WHAT TO PRODUCE.
Find the string "Gold" in the listing below and return each line it appears in.

MATERIAL FOR THIS EXERCISE.
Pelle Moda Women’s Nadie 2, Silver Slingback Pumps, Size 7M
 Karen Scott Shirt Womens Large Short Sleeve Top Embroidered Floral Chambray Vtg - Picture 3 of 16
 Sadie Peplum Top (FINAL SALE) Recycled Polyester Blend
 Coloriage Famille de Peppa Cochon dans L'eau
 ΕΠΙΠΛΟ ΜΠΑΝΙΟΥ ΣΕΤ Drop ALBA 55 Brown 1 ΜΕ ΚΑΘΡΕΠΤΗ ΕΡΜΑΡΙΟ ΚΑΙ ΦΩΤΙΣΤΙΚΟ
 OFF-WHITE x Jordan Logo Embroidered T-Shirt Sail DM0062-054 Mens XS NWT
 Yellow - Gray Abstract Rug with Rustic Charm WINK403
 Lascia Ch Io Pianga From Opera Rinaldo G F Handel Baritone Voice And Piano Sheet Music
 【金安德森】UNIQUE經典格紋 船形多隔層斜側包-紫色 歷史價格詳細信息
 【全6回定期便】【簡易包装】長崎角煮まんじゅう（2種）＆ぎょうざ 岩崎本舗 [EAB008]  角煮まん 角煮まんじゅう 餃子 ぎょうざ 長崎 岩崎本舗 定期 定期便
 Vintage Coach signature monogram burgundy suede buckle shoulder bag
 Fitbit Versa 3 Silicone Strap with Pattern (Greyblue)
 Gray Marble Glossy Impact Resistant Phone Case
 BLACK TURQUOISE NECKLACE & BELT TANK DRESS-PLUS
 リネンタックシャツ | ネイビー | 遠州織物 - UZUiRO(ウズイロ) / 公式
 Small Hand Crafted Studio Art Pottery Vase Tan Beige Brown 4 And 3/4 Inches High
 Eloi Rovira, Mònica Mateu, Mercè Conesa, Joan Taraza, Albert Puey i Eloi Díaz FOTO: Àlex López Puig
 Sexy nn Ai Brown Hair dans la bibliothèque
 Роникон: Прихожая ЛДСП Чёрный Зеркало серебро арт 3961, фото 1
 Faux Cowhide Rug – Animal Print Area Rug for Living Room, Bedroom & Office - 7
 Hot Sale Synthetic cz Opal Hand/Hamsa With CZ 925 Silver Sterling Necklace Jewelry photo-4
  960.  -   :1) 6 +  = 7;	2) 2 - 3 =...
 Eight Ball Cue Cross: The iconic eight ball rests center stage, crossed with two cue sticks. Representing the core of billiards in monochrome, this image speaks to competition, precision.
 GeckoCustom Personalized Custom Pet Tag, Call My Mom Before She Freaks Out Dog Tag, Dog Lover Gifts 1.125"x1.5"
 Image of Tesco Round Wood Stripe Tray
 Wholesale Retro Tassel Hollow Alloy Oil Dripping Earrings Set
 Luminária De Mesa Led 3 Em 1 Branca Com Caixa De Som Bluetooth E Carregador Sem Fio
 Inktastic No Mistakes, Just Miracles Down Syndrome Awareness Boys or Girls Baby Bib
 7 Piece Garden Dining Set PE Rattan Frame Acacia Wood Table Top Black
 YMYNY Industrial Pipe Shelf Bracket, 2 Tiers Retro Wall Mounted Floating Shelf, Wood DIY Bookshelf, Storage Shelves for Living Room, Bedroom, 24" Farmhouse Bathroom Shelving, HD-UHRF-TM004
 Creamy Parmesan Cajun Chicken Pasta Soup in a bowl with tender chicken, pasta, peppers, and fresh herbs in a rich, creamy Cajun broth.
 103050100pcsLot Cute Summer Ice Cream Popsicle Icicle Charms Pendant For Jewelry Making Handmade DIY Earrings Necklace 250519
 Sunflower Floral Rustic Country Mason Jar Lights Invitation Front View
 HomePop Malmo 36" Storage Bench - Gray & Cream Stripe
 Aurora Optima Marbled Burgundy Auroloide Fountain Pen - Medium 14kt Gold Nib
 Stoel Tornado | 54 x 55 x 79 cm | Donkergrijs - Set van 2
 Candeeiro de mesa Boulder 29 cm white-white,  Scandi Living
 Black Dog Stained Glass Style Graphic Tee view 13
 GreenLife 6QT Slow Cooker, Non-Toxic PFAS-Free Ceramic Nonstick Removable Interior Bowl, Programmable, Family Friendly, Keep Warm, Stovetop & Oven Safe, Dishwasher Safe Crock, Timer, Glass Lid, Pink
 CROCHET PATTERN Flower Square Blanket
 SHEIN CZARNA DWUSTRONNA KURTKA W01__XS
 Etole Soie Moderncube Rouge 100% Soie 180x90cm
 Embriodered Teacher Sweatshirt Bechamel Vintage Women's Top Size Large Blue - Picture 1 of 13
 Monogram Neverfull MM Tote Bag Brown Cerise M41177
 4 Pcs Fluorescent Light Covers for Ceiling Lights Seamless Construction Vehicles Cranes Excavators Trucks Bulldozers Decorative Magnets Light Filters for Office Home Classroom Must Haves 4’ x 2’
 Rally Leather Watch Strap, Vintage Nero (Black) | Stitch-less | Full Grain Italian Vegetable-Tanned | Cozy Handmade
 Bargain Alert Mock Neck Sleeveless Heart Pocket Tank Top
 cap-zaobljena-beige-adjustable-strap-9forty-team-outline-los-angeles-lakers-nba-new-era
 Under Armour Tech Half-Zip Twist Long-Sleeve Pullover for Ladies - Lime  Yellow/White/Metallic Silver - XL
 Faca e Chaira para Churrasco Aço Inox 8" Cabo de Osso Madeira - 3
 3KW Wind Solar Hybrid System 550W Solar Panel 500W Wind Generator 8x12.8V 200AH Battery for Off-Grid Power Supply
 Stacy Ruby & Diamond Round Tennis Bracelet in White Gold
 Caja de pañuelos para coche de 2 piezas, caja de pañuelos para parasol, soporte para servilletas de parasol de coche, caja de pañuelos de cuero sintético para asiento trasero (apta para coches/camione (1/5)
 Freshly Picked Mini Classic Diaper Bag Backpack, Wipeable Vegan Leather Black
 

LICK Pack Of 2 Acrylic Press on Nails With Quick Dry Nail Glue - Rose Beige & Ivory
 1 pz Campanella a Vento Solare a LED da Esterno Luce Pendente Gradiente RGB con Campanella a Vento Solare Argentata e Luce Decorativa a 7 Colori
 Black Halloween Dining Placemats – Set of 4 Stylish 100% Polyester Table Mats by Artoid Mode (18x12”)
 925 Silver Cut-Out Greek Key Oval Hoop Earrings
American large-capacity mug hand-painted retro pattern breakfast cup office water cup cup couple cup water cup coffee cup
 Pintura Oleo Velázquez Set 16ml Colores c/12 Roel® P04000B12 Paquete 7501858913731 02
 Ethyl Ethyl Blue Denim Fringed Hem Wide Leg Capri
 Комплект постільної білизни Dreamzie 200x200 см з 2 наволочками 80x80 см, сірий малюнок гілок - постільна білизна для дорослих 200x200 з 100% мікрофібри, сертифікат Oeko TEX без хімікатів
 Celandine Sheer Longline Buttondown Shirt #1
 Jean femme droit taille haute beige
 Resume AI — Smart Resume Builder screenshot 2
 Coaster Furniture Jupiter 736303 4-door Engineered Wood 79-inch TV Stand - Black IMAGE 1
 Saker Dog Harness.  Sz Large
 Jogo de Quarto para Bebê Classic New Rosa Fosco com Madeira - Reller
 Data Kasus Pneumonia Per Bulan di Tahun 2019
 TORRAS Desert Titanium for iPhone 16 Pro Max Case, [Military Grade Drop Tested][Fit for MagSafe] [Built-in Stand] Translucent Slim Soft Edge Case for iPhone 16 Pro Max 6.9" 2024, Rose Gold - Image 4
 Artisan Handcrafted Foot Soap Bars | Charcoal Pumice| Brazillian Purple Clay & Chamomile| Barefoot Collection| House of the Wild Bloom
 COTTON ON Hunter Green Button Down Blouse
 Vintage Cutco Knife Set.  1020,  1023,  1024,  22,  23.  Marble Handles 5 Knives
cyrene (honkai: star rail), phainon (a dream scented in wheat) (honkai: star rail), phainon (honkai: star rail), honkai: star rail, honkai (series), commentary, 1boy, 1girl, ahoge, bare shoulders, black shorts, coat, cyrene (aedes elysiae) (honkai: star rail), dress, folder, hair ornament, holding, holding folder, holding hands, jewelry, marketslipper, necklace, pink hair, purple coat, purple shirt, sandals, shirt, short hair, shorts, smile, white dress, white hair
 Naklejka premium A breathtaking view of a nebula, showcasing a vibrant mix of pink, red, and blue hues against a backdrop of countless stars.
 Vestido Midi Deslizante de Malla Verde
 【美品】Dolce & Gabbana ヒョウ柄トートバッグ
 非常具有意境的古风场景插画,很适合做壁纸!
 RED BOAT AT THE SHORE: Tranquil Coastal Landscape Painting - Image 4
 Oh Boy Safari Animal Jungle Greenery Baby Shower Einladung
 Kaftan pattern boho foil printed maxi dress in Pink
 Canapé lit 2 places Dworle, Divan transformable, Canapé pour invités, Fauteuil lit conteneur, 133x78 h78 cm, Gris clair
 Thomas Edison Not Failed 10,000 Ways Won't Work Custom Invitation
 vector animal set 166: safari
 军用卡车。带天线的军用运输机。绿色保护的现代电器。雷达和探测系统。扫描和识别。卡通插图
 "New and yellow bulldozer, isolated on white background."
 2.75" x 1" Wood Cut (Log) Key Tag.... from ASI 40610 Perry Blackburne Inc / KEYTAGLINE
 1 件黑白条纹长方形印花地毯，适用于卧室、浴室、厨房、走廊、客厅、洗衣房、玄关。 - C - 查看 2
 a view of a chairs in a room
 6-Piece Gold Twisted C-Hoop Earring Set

TASK ANSWER.
 Aurora Optima Marbled Burgundy Auroloide Fountain Pen - Medium 14kt Gold Nib
 Stacy Ruby & Diamond Round Tennis Bracelet in White Gold
 TORRAS Desert Titanium for iPhone 16 Pro Max Case, [Military Grade Drop Tested][Fit for MagSafe] [Built-in Stand] Translucent Slim Soft Edge Case for iPhone 16 Pro Max 6.9" 2024, Rose Gold - Image 4
 6-Piece Gold Twisted C-Hoop Earring Set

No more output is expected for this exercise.